=== Begin Enclosure ===

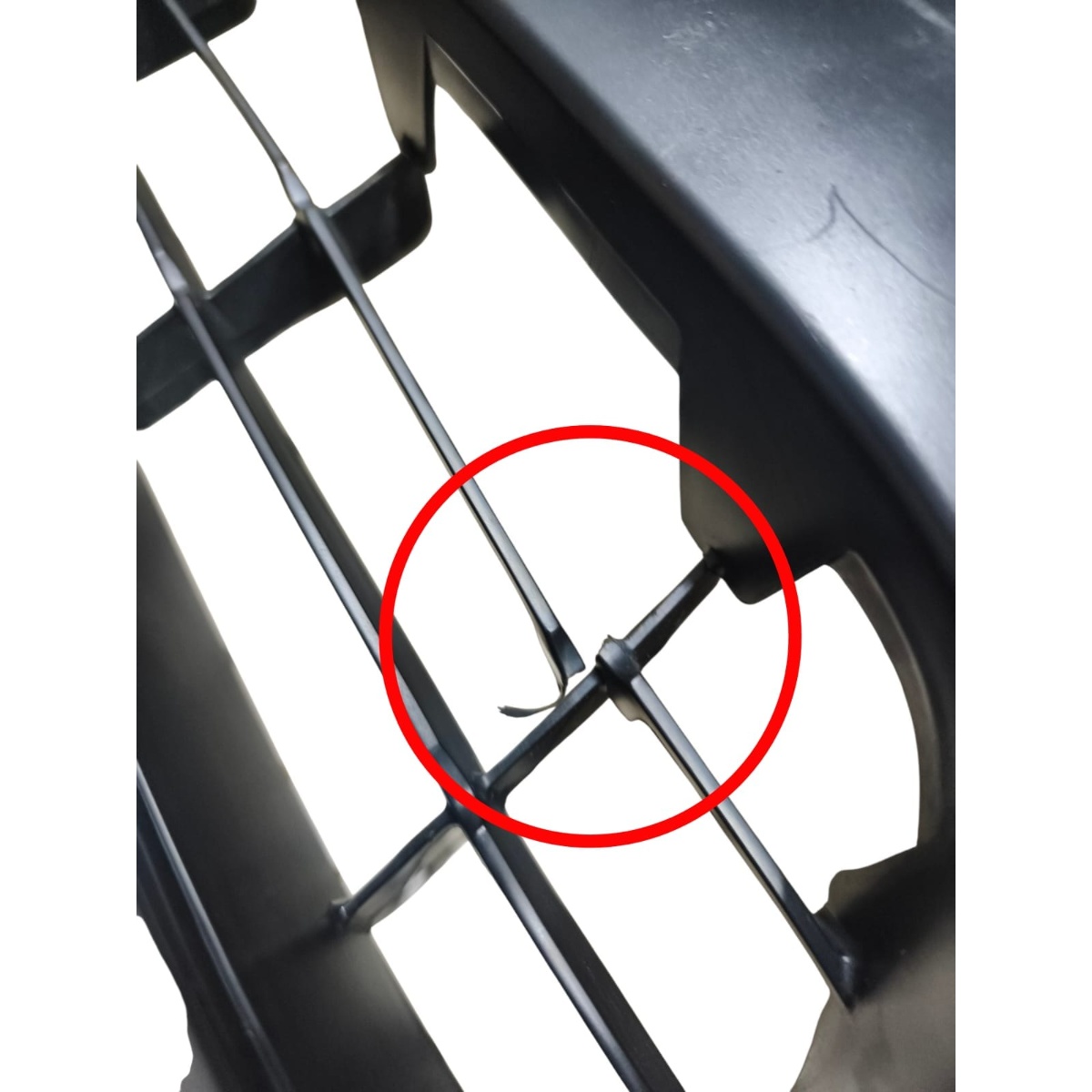 Grade Parachoque Toyota Hilux 2021/2023 531110kb90 c/Detalhe - Imagem 6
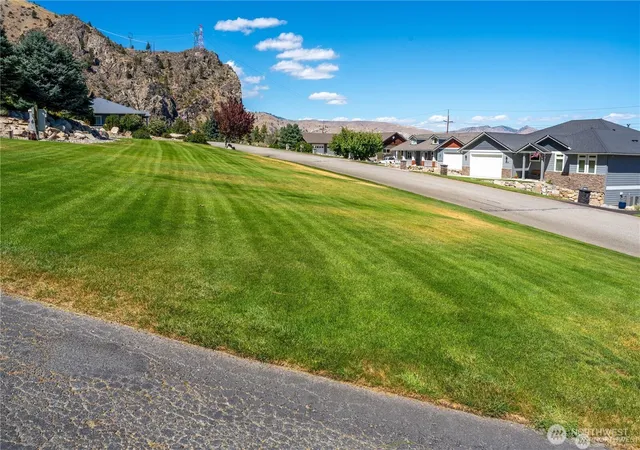 Photo 4 of Land for sale at 15307 Lakeview St, Entiat, WA 98822 | MLS# NWM2496151 | Listing updated on 2026-09-17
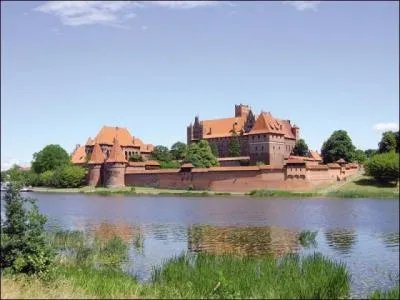 Lors de son expansion à l'est, où se trouvait le siège de l'ordre des chevaliers teutoniques ?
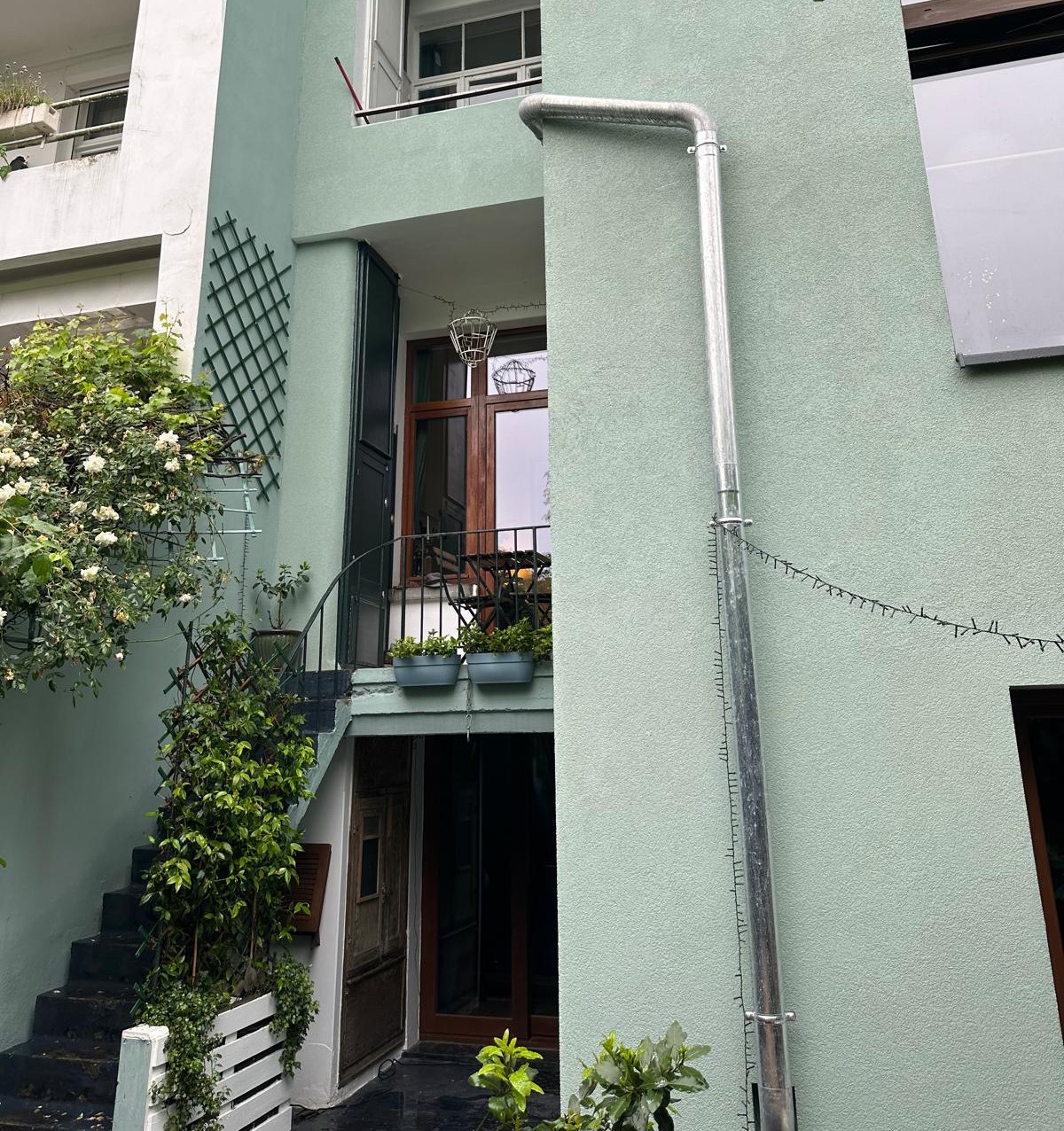 14. Détails d'une façade isolée avec recouvrement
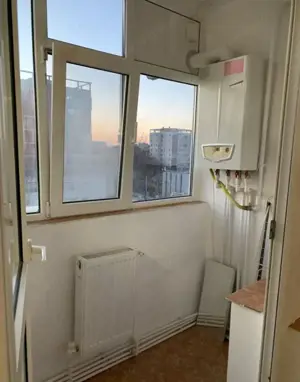 300 Euro! Ap 1 cam Tatarasi la A uri, et 4 cu lift - imagine 3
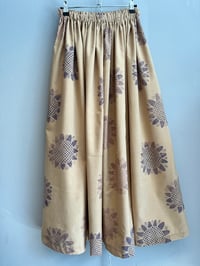 Image 6 of Beige with purple print skirt (xs-xxl)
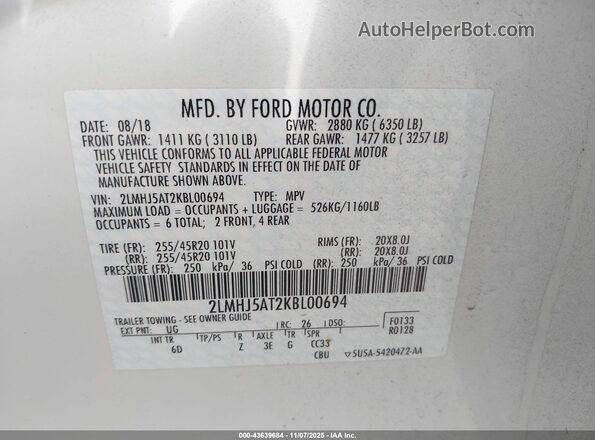 2LMHJ5AT2KBL00694 2019 LINCOLN MKT White Vista del compartimento del motor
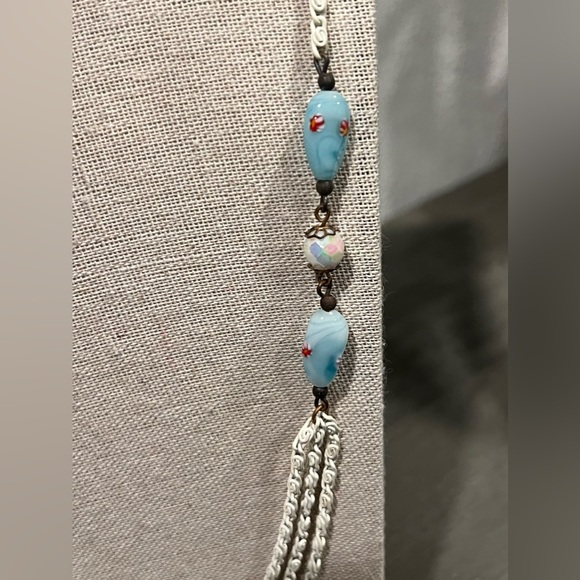 Vintage long white chain with blue long glass floral beads & AB white spacer - Picture 9 of 12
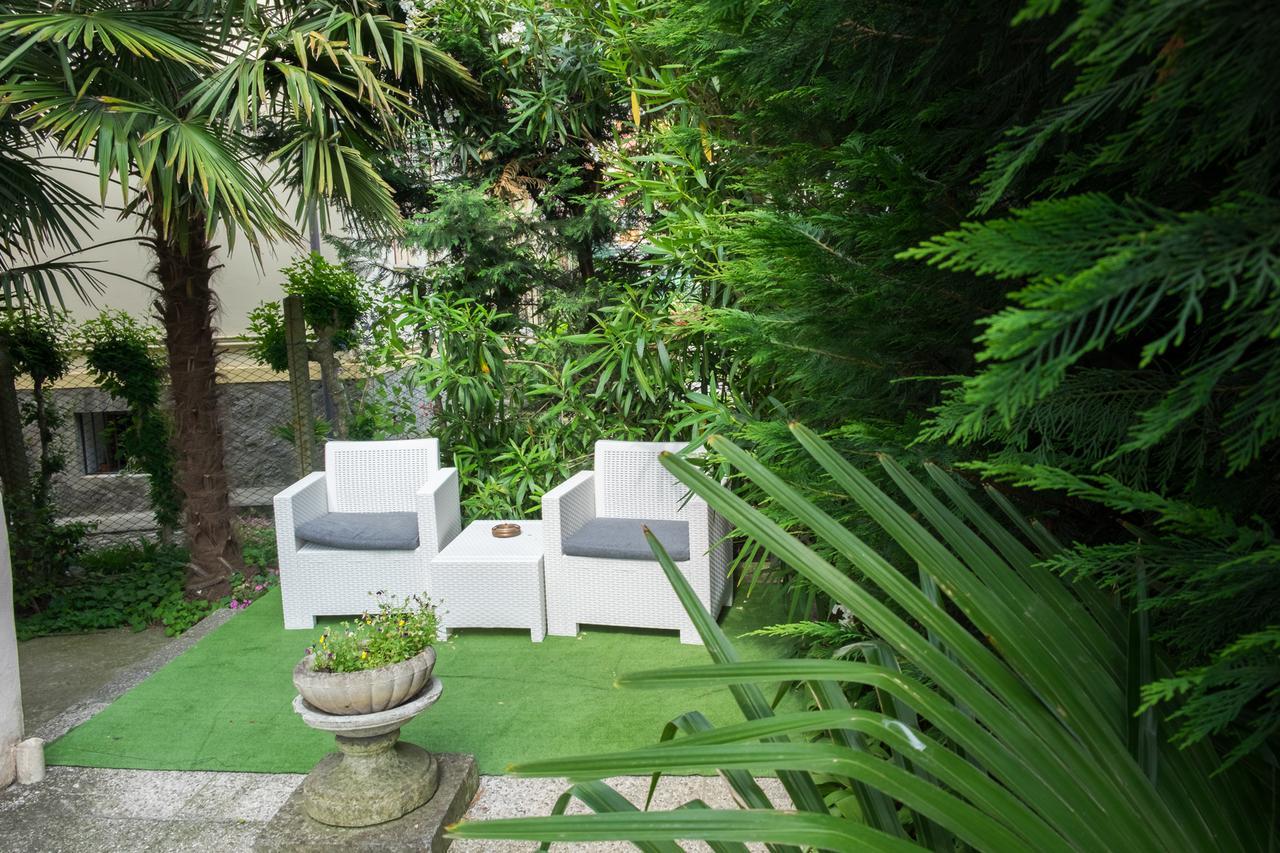 B&B Pereuka โรวีโก ภายนอก รูปภาพ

=== End Enclosure ===

WHAT IS BEING ASKED:
From the first line to the last, repeat the records exactly. Leave out the pictures.

FINISHED TASK:
 Grade Parachoque Toyota Hilux 2021/2023 531110kb90 c/Detalhe - Imagem 6
 Photo 4 of Land for sale at 15307 Lakeview St, Entiat, WA 98822 | MLS# NWM2496151 | Listing updated on 2026-09-17
 Lors de son expansion à l'est, où se trouvait le siège de l'ordre des chevaliers teutoniques ?
 14. Détails d'une façade isolée avec recouvrement
 300 Euro! Ap 1 cam Tatarasi la A uri, et 4 cu lift - imagine 3
 Image 6 of Beige with purple print skirt (xs-xxl)
 2LMHJ5AT2KBL00694 2019 LINCOLN MKT White Vista del compartimento del motor
 Vintage long white chain with blue long glass floral beads & AB white spacer - Picture 9 of 12
 B&B Pereuka โรวีโก ภายนอก รูปภาพ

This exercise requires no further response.